Ayn Rand noemde hen tweedehands mensen in haar boek De eeuwige bron (the fountainhead). Mensen die zelf met niet veel orgineels komen, maar eigenlijk de ideeen van anderen copieren en dan doen alsof die van hen waren. Voor de orginele mens, die zijn eigen menig vormt, die zelf met creatieve en innovatieve ideeen komt is deze tweedehandsmens een doorn in het oog. Tenminste ik kan er niet goed tegen. Op het ene moment zeg je iets en een paar dagen later hoor je de ander het herhalen alsof het zijn idee is. Ik merk dat ik met dan geergerd voel, dat zegt natuurlijk iets over mij, maar het voorrecht van de blogger is dat hij er dan ook weer iets over mag zeggen.
Ik wil niet veroordelen, maar doe het onbewust toch, eigenlijk zou ik blij moeten zijn, immers iemand heeft mijn idee opgepakt en is dat nu actief aan het verspreiden. Maar zo voelt het niet. Niet voor niets neem ik de term “tweedehansmensen” van Ayn Rand over. Daar zit een oordeel in. Want liever ben ik origineel, denk ik mijn eigen gedachten, zeg ik mijn eigen woorden, doe ik mij niet beter voor dan dat ik mijzelf vind. Het probleem wat ik heb met de copycats is dat zij begrippen die ze niet begrijpen maar wel gebruiken uit zijn verband trekken. Ik explodeer bij het horen van hun mooie woorden. Zelf vind ik dat je ergens pas iets over te zeggen heb als je er minstens tienduizend bladzijden over heb gelezen.

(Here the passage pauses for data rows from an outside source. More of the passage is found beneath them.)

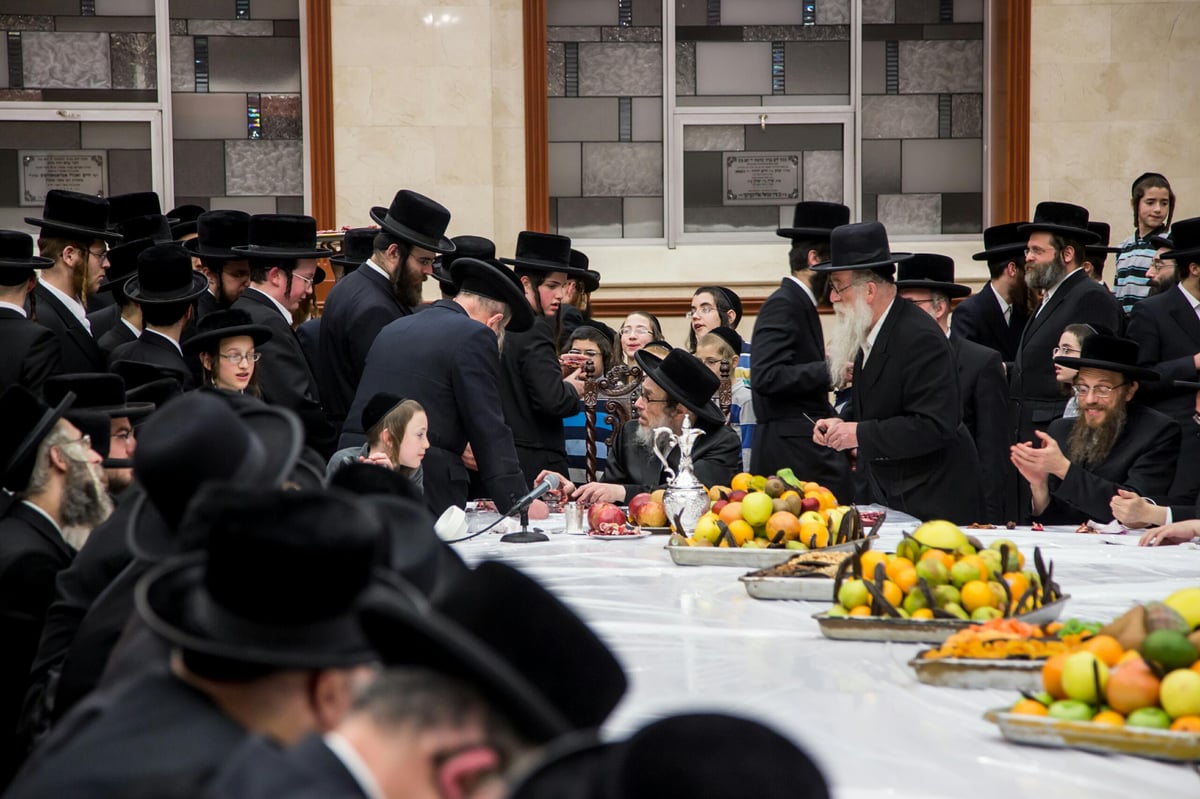 תיעוד מניו יורק: ט"ו בשבט בצל השלג הכבד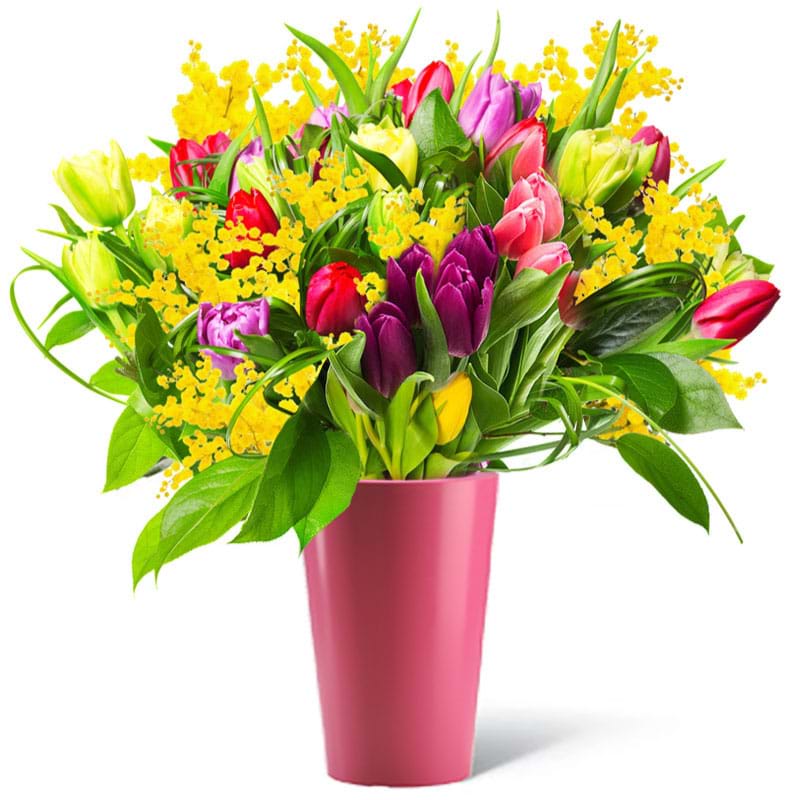Spedire  tulipani colorati con vaso rosa e mimosa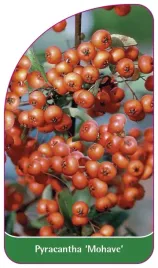 etykieta-szkolkarska-pyracantha-mohave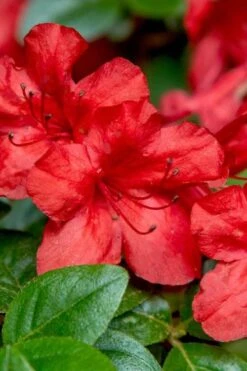Stewartstonian Azalea - 3 Gallon Pot -Bush Sale Shop azalea stewartstonian 2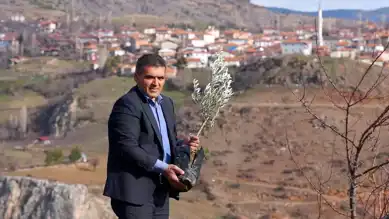 Yaylabaşı'nda Her Bebek İçin Bir Fidan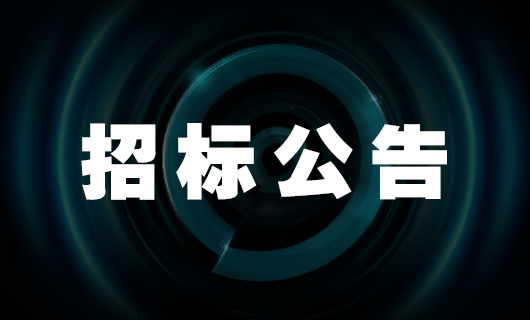 2024年广东星空网页版在线登录入口(官方)网站/网页版登录入口/手机版,科技集团股份有限公司干线物流服务投标公告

Ik probeer in deze blog te onderzoeken in hoeverre de copycats te redden zijn.
De vraag rest dan, waarom zouden ze gered moeten worden? Dat is een confronterende vraag. Ik realiseer me dat ik van de copycats gered moet worden. Het is niet hun, maar het is mijn probleem. Nu komen we ergens, want als het mijn probleem is, ligt de oplossing in mijn handen. Ik red ze door mijn beeld over hen te veranderen.